» **Work instructions**
Return verbatim every line from the first line of the data below to the line that contains "Конструктор LEGO City", inclusive, and no further.

» **Data extract**
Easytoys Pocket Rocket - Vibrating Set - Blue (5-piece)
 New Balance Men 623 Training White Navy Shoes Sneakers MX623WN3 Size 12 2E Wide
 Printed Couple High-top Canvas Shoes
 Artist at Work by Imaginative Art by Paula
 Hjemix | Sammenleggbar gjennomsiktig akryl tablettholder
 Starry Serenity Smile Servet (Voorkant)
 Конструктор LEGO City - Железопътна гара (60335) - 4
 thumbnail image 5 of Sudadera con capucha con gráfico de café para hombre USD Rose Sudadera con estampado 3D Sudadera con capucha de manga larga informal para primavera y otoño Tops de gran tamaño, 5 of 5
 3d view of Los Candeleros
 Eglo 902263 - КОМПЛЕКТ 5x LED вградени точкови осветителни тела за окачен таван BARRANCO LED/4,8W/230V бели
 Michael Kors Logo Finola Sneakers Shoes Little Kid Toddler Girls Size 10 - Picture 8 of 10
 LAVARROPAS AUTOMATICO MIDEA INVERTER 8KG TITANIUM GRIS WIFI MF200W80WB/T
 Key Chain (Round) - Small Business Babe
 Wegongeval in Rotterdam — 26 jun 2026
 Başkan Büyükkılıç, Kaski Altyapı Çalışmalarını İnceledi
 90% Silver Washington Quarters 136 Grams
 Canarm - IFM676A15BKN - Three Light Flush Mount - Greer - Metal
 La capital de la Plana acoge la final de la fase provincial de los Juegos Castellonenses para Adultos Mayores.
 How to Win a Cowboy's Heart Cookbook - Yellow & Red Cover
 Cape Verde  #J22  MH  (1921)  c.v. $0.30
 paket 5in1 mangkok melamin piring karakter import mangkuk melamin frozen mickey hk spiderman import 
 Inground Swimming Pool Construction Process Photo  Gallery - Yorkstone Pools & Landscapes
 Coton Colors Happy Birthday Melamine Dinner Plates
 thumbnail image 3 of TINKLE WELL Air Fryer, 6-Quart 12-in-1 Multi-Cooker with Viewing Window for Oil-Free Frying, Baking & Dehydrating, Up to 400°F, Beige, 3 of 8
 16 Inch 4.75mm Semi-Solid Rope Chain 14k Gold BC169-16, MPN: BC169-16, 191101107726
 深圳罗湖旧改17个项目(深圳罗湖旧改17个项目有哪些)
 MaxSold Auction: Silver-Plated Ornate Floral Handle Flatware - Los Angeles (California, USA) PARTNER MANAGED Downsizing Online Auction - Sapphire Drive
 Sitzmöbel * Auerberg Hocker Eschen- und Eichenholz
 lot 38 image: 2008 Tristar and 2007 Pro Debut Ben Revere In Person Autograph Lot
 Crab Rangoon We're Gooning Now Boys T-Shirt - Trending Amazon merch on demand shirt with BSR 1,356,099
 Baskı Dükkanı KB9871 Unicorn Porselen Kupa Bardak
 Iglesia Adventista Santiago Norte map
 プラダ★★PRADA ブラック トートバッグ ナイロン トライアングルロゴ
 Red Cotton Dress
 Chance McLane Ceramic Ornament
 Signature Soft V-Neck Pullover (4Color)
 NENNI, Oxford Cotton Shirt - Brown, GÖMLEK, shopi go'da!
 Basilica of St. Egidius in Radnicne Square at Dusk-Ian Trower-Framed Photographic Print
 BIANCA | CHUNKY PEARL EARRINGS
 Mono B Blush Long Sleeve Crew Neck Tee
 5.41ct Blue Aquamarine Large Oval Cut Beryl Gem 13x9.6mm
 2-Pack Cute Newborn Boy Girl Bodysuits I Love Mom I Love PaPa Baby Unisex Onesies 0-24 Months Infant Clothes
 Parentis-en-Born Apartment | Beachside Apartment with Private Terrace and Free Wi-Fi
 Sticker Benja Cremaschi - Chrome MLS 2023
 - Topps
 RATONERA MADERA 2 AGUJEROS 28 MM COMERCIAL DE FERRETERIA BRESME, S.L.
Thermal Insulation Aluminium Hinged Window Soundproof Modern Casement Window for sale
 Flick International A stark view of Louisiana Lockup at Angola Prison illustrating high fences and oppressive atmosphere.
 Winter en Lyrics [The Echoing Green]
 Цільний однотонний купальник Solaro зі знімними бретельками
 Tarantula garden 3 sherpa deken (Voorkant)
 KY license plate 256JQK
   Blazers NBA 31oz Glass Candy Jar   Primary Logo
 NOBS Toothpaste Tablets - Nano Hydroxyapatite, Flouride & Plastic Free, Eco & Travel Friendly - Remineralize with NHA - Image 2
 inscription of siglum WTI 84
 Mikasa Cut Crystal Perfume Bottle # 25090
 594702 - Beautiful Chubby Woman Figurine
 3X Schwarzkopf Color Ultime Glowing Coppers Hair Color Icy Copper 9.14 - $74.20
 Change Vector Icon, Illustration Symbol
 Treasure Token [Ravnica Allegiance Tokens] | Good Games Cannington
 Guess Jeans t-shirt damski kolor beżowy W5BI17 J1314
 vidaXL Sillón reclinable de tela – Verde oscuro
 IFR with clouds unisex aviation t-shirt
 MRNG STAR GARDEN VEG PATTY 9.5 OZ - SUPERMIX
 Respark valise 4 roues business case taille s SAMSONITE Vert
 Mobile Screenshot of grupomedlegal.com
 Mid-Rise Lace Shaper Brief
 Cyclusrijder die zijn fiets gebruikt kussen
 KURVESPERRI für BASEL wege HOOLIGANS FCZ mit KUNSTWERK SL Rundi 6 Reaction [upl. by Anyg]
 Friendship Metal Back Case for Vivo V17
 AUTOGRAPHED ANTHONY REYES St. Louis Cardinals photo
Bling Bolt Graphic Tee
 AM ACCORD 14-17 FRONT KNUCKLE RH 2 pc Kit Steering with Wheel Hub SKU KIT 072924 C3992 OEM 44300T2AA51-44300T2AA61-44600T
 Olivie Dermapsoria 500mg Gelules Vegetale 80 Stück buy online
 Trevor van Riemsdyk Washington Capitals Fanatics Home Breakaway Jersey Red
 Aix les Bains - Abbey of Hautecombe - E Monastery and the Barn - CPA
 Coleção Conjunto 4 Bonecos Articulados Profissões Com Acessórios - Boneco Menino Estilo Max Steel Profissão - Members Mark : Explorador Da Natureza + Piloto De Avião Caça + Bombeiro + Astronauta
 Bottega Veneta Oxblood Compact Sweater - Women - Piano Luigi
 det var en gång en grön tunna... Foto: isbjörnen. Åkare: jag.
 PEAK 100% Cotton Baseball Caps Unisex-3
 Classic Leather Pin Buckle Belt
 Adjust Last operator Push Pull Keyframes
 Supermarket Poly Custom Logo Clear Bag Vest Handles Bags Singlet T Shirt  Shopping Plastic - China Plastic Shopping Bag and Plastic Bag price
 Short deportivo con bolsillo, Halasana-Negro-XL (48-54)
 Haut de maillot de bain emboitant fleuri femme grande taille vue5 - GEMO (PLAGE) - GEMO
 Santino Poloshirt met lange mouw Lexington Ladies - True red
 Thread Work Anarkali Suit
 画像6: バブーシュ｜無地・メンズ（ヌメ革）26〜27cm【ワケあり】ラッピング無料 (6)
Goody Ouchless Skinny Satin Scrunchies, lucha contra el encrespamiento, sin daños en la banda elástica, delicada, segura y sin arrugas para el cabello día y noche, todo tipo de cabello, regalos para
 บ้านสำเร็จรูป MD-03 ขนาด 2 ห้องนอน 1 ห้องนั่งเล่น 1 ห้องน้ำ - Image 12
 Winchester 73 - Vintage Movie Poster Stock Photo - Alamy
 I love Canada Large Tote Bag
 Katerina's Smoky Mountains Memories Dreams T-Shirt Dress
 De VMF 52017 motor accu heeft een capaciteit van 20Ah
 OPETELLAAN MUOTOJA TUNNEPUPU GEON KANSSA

» **Expected answer**
Easytoys Pocket Rocket - Vibrating Set - Blue (5-piece)
 New Balance Men 623 Training White Navy Shoes Sneakers MX623WN3 Size 12 2E Wide
 Printed Couple High-top Canvas Shoes
 Artist at Work by Imaginative Art by Paula
 Hjemix | Sammenleggbar gjennomsiktig akryl tablettholder
 Starry Serenity Smile Servet (Voorkant)
 Конструктор LEGO City - Железопътна гара (60335) - 4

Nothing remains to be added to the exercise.